August 11, 2008

Morales Wins and so do the Prefects

MABB © ®


The latest projections, which are taken as semi official in Bolivia and the world, show Morales being re-confirmed in office by 63% of the people (graphs are from La Razon). In addition, five of the eight Prefects are confirmed as well and three are recalled. As exit polls indicated, the Prefects who will keep their jobs are: Costas (with 67%), Cossio (with 64%), Virreira (with 76%), Suarez (with 61%) and Fernandez (with 56%). The recalled Prefects are: Paredes (with 42%), Aguilar (with 45%) and Reyes (with 39%).



It is interesting to highlight that Morales was recalled in four out of nine regions: Sucre, Beni, Tarija and Santa Cruz.



And also, Morales lost support in urban areas versus rural areas, where the core of his support is strong. What is surprising in the above graph is that the urban recall vote in Cochabamba wasn't higher. The rest I could have imagined it myself.


Just out of curiosity, the last graph shows how Paredes was recalled. He was so confident he would be reconfirmed because of his work for La Paz. I saw him in Coroico in May and he said people know he is making a lot of improvements for La Paz and people will recognize that. At the same time, the government was beginning a massive campaign against him. Did that work?

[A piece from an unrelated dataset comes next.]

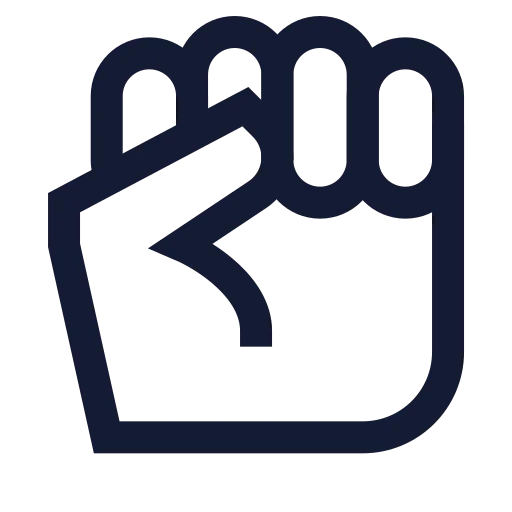 Hand Fist Icon in Stroke Sharp style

When you look at the graph, you notice he was just barely approved in urban areas. I think here El Alto played a decisive role in recalling him. Even though he is from El Alto, people there have little sympathy for him.

Now, what does this all mean? Here are my two cents...

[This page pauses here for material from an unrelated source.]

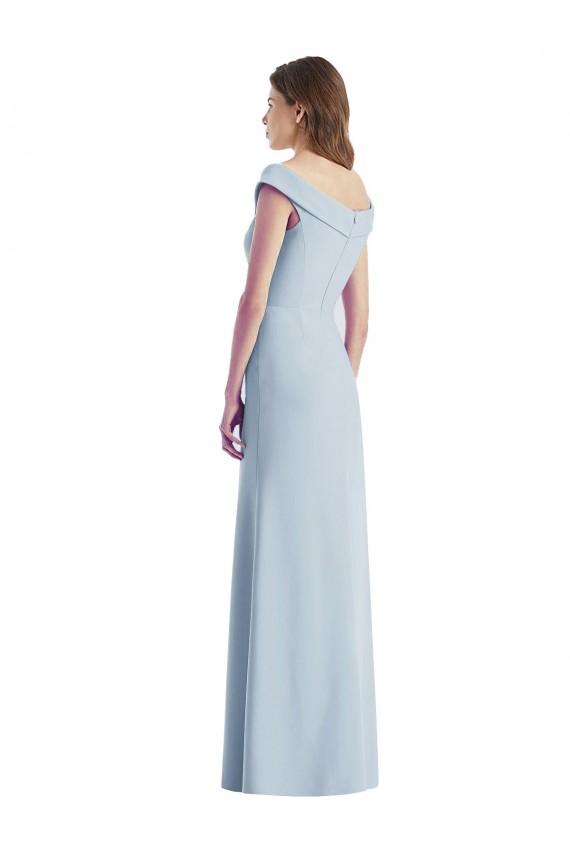 V-Neck Long Stretch Crepe Light Sky Blue Sleeveless Black Tie Evening Gown / Bridesmaid Dress Darwin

I agree with the majority of verdicts, this result is a draw. The referendum changed very little of the situation. Yes, the President came out with some more support, but so did the Prefects in the opposition. Some of them came out swinging. This means the two sides will keep on pressing their agendas. The President will keep on trying to approve his constitution and the Prefects will keep on deepening their autonomic processes. They have already said so.

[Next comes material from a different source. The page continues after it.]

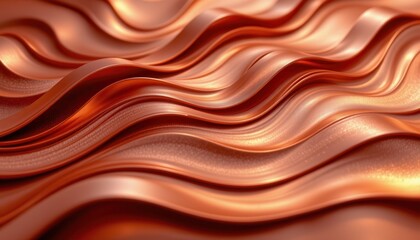 Obraz premium Smooth Copper Waves with Luminous Reflection and Flowing Texture in Soft Warm Tones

What will change is that the departments of La Paz and Cochabamba will be on Morales' side now. Since he can appoint the new Prefects, until there is a new elections at least, I imagine he will be appointing bold supporters. The prefecture of La Paz I see going to someone from the El Alto supporting organizations, and in Cochabamba will be someone from the coca growers union, I take.

Aside from that, the two sides will have to do what they should have done from the beginning: talk. Morales has to be prepared to compromise in some aspects and forget about trying to push the changes he is trying to push. The deeper the differences, the harder it will be for Morales to drive through his revolution.